Rational amelioration of redox equilibrium by constructing hollow nanotube Co-Mn/TiO2 catalyst to boost simultaneous removal of NO and Hg0

Abstract

Simultaneous removal of NO and Hg0 in one purification unit is cost-effective, while the conflicting redox environmental requirements remains extremely challenging.
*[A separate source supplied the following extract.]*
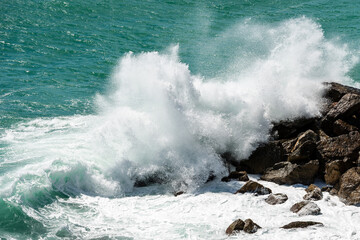 Large white waves of the Sea Break on the Rocks. Breakwater in the Gulf of La Spezia, Liguria, Italy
Herein, hollow nanotube Co-Mn/TiO2 was elaborately fabricated by reconstructing nanoparticles to ameliorate the redox equilibrium, allowing the catalysts to sustain the excellent synergistic catalytic performance, which delivered more than 98 % NOx conversion with above 95 % N2 selectivity and nearly 100 % Hg0 removal efficiency within 150–240 °C. Abundant oxygen vacancies and strong surface acidity were synchronously generated after the formation of unique hollow nanotube, improving the mobility of oxygen species and facilitating the adsorption and activation of reactants, and the cooperation of oxygen vacancy and surface acidity resulted in superior simultaneous removal activity. Strikingly, in situ DRIFTS and kinetic results revealed that the reaction rate was obviously accelerated on hollow nanotube Co-Mn/TiO2. This study provided new insights toward engineering efficient catalysts for simultaneous removal of NO and Hg0.